Dün sabah yine bazı belediyelere yapılan kayyım atamaları haberiyle uyandık. Çok değil altı gün öncede İstanbul Esenyurt Belediyesi’ne kayyım atanmıştı. İçişleri Bakanlığı, 4 Kasım 2024 tarihinde yaptığı bir açıklamayla, yine kalıcılaştırılmış OHAL düzenlemelerinden birisine dayalı olarak,
- Mardin Büyükşehir Belediyesi’nin Halkların Eşitlik ve Demokrasi Partisi’nden (DEM Parti) seçilmiş belediye eş başkanı Ahmet Türk’ün görevinden alınarak yerine Mardin Valisi Tuncay Akkoyun’un,
- Batman Belediyesi’nin DEM Parti’den seçilmiş belediye eş başkanı Gülistan Sönük’ün görevinden alınarak yerine Batman Valisi Ekrem Canalp’ın,
- Urfa’nın Halfeti ilçesinin DEM Parti’den seçilmiş belediye eş başkanı Mehmet Karayılan’ın görevinden alınarak yerine Halfeti Kaymakamı Hakan Başoğlu’nun
kayyım atandığını duyurdu.
OHAL döneminde çıkarılan 15/8/2016 tarih ve 674 sayılı Kanun Hükmünde Kararname (KHK) ile ‘5393 Sayılı Belediye Kanunu’nun 45. Maddesine eklenen bir fıkrayla, seçilmiş belediye başkanlarının “terör veya terör örgütlerine yardım ve yataklık suçuyla” görevden uzaklaştırılmasının yolu fiili durum yaratılarak açılmıştı. Yanı sıra, yine Belediye Kanunu’na eklenen “Bu belediyelerde belediye meclisi, başkanın çağrısı olmadıkça toplanamaz.” şeklindeki bir başka cümle ile de hakkında ‘3713 Sayılı Terörle Mücadele Kanunu’ kapsamında soruşturma ve kovuşturma açılmış belediye başkanları, başkan vekilinin belediye meclisi tarafından on gün içinde seçilmesi kuralı fiilen geçersiz kılınmış ve İçişleri Bakanı ile valilerin doğrudan görevlendirme yapma/kayyım atama yetkisi sağlanmıştır.
İşte İçişleri Bakanlığı, 2016 yılından bu yana kalıcılaştırılmış OHAL düzenlemelerinden birisine dayanan bu son icraatına gerekçe olarak yerine kayyım atanan üç belediye eş başkanı hakkında açılmış olan soruşturma ve davaları, verilen ve henüz kesinleşmemiş hapis cezalarını ileri sürmektedir.
‘Artık yeter!’ duygusuna yol açan bu pervasızlık karşısında sadece altı gün önce Esenyurt Belediyesi’ne kayım atanmasını değil, 4 Haziran 2024 tarihinde Hakkâri Belediyesi’ne kayyım atanmasını, hatta öncesinden, 2016 yılından bu yana yapılan kayyım atamalarını eleştirirken söylediklerimizi inatla bir kez daha dile getireceğiz.
Evet, gerçekten artık yeter!
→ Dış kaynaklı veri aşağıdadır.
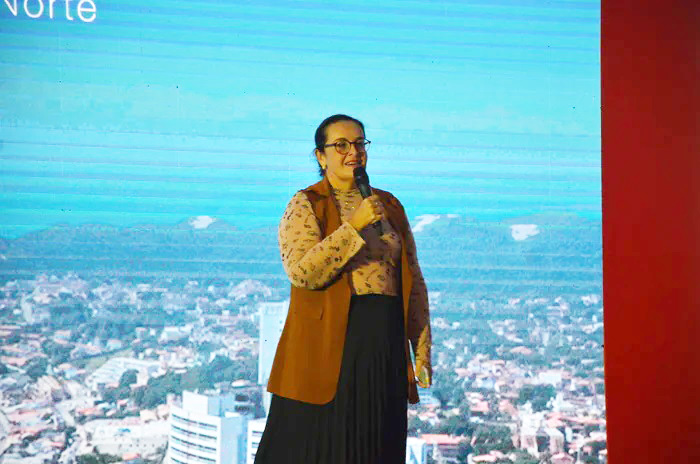 Molga Freire, diretora de Marketing da Emprotur Molga Freire, diretora de Marketing da Emprotur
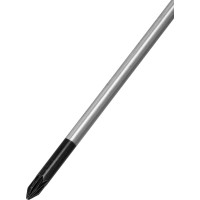 Отвертка MATRIX Fusion PZ0x75 мм, CrV, 3-х компонентная рукоятка anti slip 11400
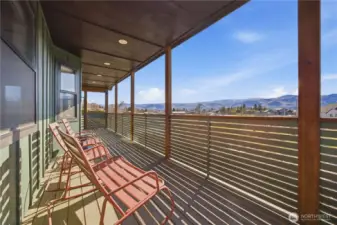 Views from the back deck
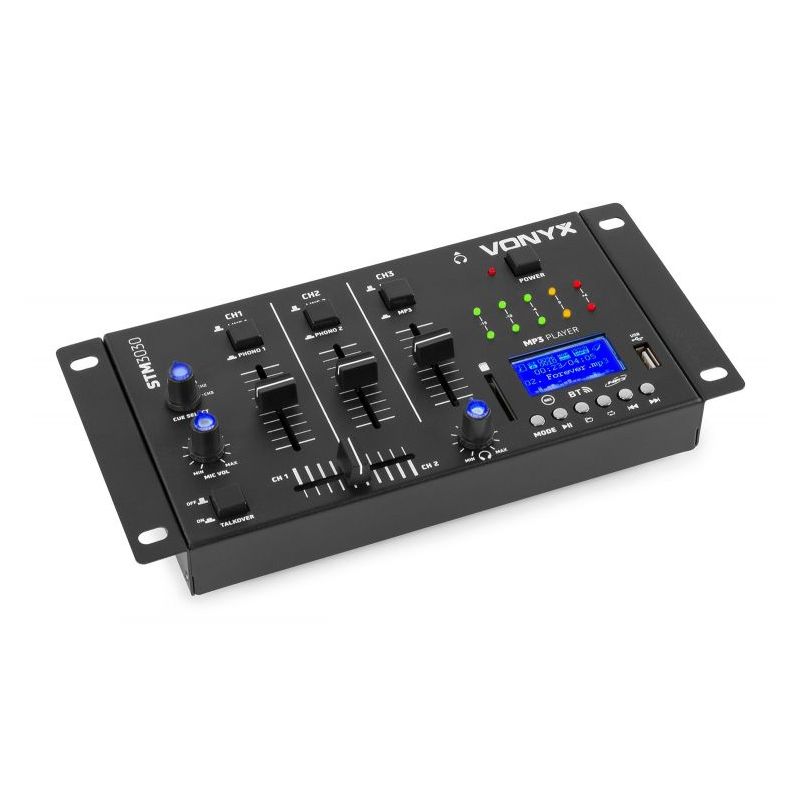 DJ mikser STM3030 4-kanalni USB/MP3/BT/REC VONYX Cijena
Hukukun üstünlüğü ilkesinin, insan hakları ve demokrasi değerlerinin ayaklar altına alınması, yargının araçsallaştırılarak adaletin tümüyle ortadan kaldırılması hiçbir şekilde kabul edilemez.
Siyasal iktidarın 2016 yılında bu yana uyguladığı ayrımcı, kutuplaştırıcı, seçmen ve yurttaş iradesinin gaspına dayalı bu kayyımcı yerel yönetim rejimi, bir demokrasi ilkesi olarak serbest seçimleri, temel bir yurttaşlık hakkı olarak seçme ve seçilme özgürlüğünü tümüyle ilga ediyor, demokrasiyi adeta bir oyun haline getiriyor. Birlikte yaşama iradesini yıkıcı biçimde tahrip ederek barışa ve geleceğe dair tüm umutları yok ediyor, toplumu geleceksiz bırakıyor.
Bu vesile ile Birleşmiş Milletler (BM) İşkenceye Karşı Komite (CAT) tarafından 14 Ağustos 2024 tarihinde yayımlanan, ‘Türkiye’nin Beşinci Dönemsel Raporu ile İlgili Sonuç Gözlemleri’nin 29. paragrafında da yer verildiği üzere mevzuatta kalıcı hale getirilen tüm OHAL yasalarının veya bunların hükümlerinin acilen yürürlükten kaldırılması gereğini bir kez daha ifade etmek isteriz.
Bu arada sadece ve sadece seçme ve seçilme haklarına sahip çıkma amacı ile toplanma ve gösteri yapma özgürlüklerini kullanmak isteyen insanlara yönelik işkence ve diğer kötü muamele uygulaması düzeyine ulaşan kolluk şiddeti, mutlak işkence yasağı ilkesi gereği, derhal sonlandırılmalı ve silsile içinde tüm sorumlular hakkında resen etkili soruşturma süreçleri başlatılmalıdır.
Hiç kuşkusuz, bu gidişata izin vermeyeceğiz, yurttaş olmaktan, insan hakları ve demokrasi değerlerinden, birlikte yaşama iradesinden vazgeçmeyeceğiz. Barışa ve aydınlık bir geleceğe olan umudumuzu hiçbir şekilde yitirmeyeceğiz.
Bir kez daha bağımsız düşünme yetisine sahip, bu toplumun geleceğine dair sorumluluk duyan herkesi, insan haklarına, adalete, barışa ve demokrasiye, yani ortak geleceğimize sahip çıkmaya davet ediyoruz.